GLOBAL MARKETS-Asia stocks slip to 4-week low as higher U.S. rates bite

* Ex-Japan Asia MSCI down 0.3 pct, Nikkei snaps 9-day uptrend

* Dollar off 14-year high but seen supported on Trumponomics

* Yuan off 8 1/2-year low vs dollar

* European shares seen opening 0.1 pct higher

By Hideyuki Sano

TOKYO, Dec 19 (Reuters) - Asian shares slipped to four-week lows on Monday as the prospect of higher U.S. interest rates and a strong dollar stemming from the incoming Trump Administration’s purported policies of cutting taxes and spending heavily threatened to suck capital out of emerging markets.

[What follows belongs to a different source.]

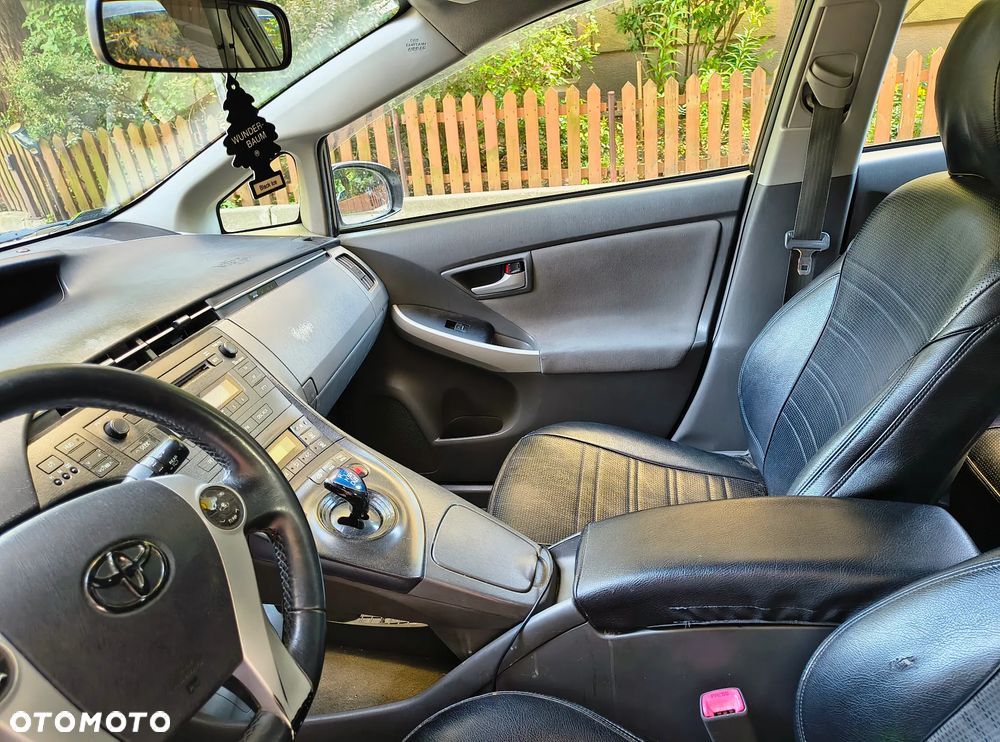 Toyota Prius 1.8 HSD Active - 12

European shares are seen having better luck, following recent gains in shares of banks, resource companies and some automakers.

Spread-betters see a rise of about 0.1 percent in the main indexes including Britain’s FTSE, Germany’s DAX and France’s CAC.

MSCI’s broadest index of Asia-Pacific shares outside Japan dipped 0.3 percent to a four-week low. It has lost 3.7 percent since Trump was elected.

Leading the losses, Hong Kong shares hit a four-month low as the Hong Kong dollar soared in line with the U.S. dollar to which it is pegged, and after insurance shares were hit by a Chinese regulator’s warnings..

In addition, investors turned cautious after China’s top leaders vowed over the weekend to stem asset bubbles in 2017 and place greater importance on the prevention of financial risk

Japan’s Nikkei, which has benefited from the yen’s sharp fall against the dollar, snapped its nine-day winning streak, dipping 0.1 percent from Friday’s one-year high.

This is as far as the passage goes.